Recipe by Asha Loupy
Ingredients
- 3 tablespoons extra virgin olive oil, such as Olio Verde
- 1 tablespoon Agrumato Tangerine Oil from Medi Terranea
- 1 tablespoon Italian red wine vinegar, such as Volpaia Red Wine Vinegar
- 1/2 teaspoon Wild Fennel Pollen, plus more for garnishing
- 1/4 teaspoon Hot Pepper Flakes
- 1/2 cup fennel, thinly sliced
- 2 medium oranges, peeled and segmented
- 1/8 cup red onion, finely diced
- 6 mint leaves, chiffonaded
- Fennel fronds, for garnish
- Salt & freshly ground black pepper
Instructions
Preheat the oven to 325°F. In a small bowl, toss farro with one tablespoon of extra virgin olive oil and spread evenly onto a baking sheet. Toast farro until it starts to turn golden, about 10-15 minutes.
While the farro is toasting, bring a large pot of salted water to a boil over medium heat.
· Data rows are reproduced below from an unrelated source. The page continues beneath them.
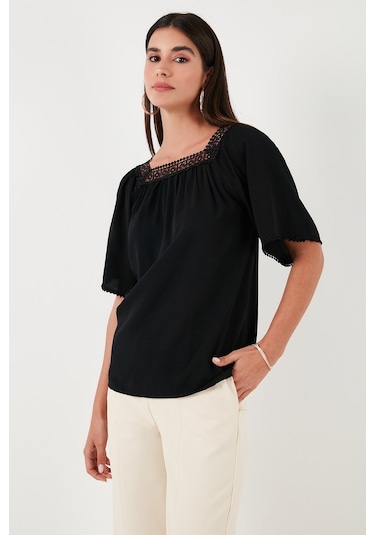 Lela Güpürlü Regular Fit Kare Yaka Bayan Bluz 5865652 Siyah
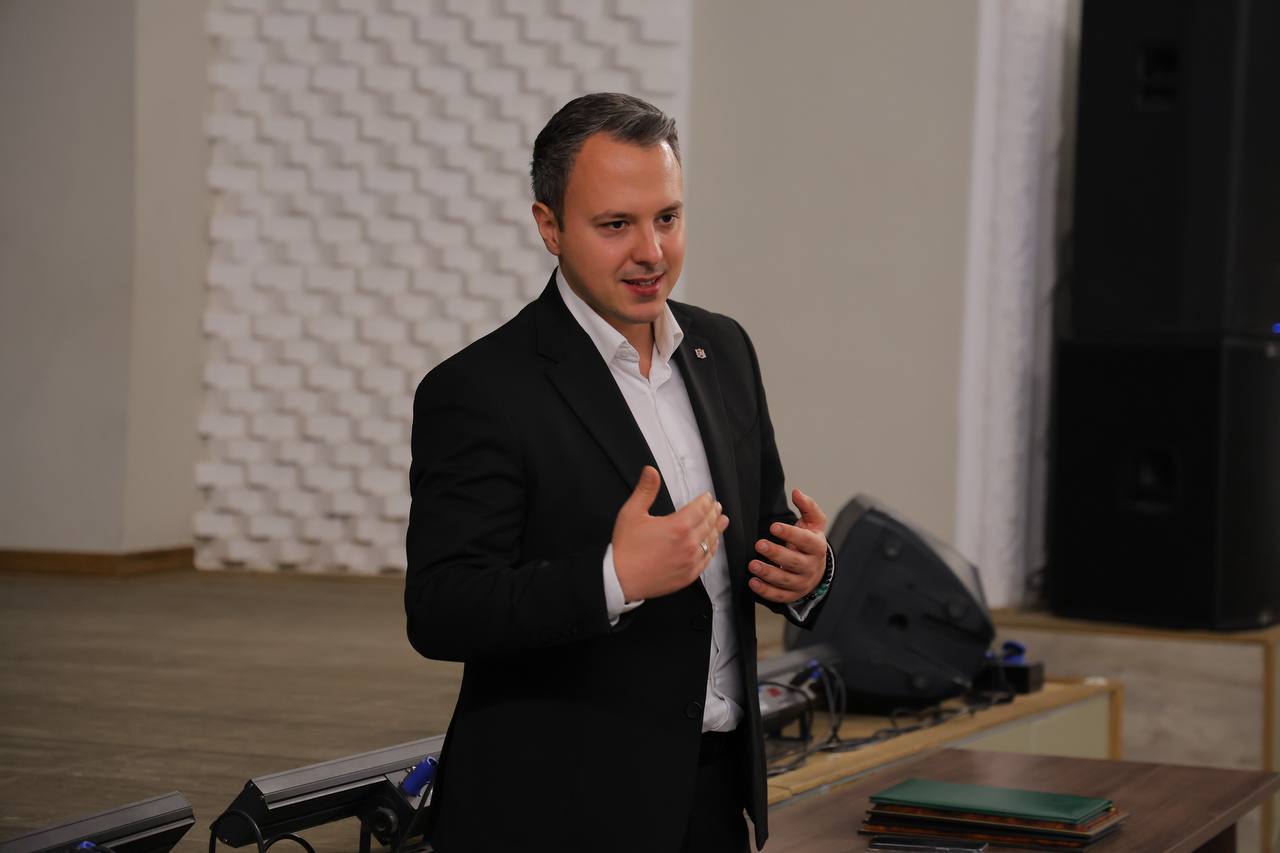 Алексей Зинченко: Вчерашний день выдался очень насыщенным, но рад, что удалось добраться до молодежи Бахчисарайского района Алексей Зинченко: Вчерашний день выдался очень насыщенным, но рад, что удалось добраться до молодежи Бахчисарайского района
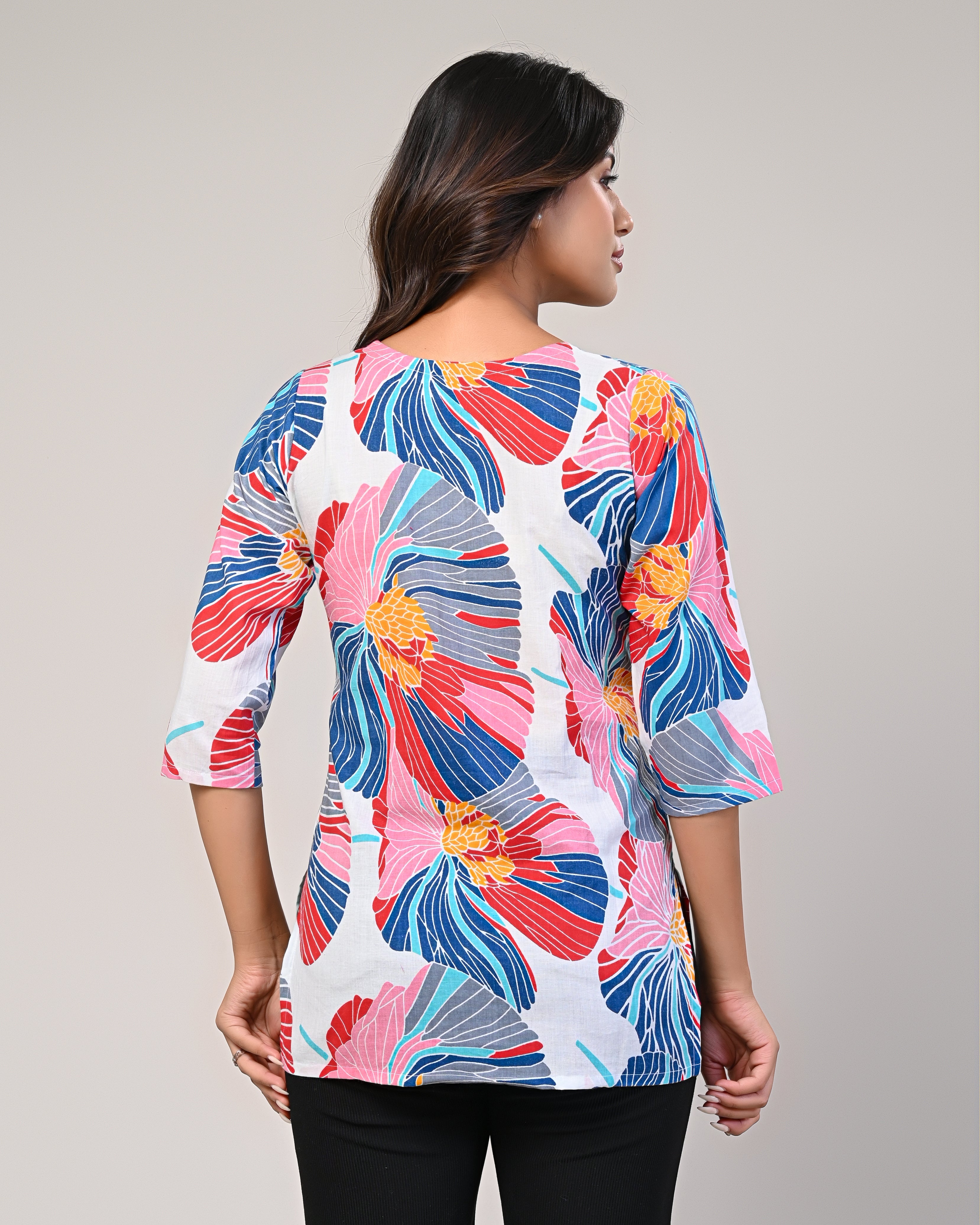 Women’s Floral Printed Top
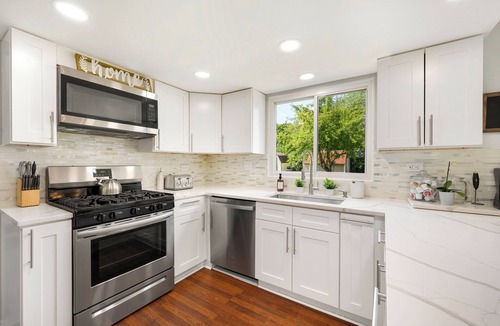 Roselle House | Charming 3-bedroom house in Roselle with Game room & fitness room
Add the toasted farro and cook until tender, about 20 minutes. Drain well, spread on a sheet pan and let cool to room temperature.
In a large bowl, whisk together the olive oil, tangerine agrumato oil, red wine vinegar, hot pepper flakes and fennel pollen. Add the cooked farro, fennel, half the orange segments, red onion and mint, and gently toss together. Season with salt and pepper, to taste.
To serve, pour the farro salad onto a serving platter and garnish with the remaining orange segments, fennel fronds and an extra sprinkling of fennel pollen.